> **What is needed**:
Please repeat the line that contains "surprised at being" and every line after it, exactly, through the end of the records.

___ Material shown ___

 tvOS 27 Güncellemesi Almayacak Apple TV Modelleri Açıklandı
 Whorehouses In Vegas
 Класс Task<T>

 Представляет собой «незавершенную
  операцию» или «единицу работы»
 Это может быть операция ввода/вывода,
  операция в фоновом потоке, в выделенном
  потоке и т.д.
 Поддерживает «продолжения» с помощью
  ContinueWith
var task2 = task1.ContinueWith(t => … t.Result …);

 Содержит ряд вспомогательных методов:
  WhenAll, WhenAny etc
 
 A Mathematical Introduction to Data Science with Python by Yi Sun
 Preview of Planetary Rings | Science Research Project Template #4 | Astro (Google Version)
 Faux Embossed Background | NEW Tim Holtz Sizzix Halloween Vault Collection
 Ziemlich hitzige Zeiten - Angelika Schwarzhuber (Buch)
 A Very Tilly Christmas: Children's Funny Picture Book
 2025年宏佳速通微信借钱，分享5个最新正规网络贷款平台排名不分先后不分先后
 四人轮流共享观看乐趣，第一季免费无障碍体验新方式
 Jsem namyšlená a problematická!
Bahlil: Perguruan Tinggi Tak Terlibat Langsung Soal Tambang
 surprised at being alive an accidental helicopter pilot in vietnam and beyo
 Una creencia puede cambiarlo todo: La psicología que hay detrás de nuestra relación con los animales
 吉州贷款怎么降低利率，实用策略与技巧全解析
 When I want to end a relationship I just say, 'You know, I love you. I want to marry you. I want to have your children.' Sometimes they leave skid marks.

___

> **Answer for the task**:
 surprised at being alive an accidental helicopter pilot in vietnam and beyo
 Una creencia puede cambiarlo todo: La psicología que hay detrás de nuestra relación con los animales
 吉州贷款怎么降低利率，实用策略与技巧全解析
 When I want to end a relationship I just say, 'You know, I love you. I want to marry you. I want to have your children.' Sometimes they leave skid marks.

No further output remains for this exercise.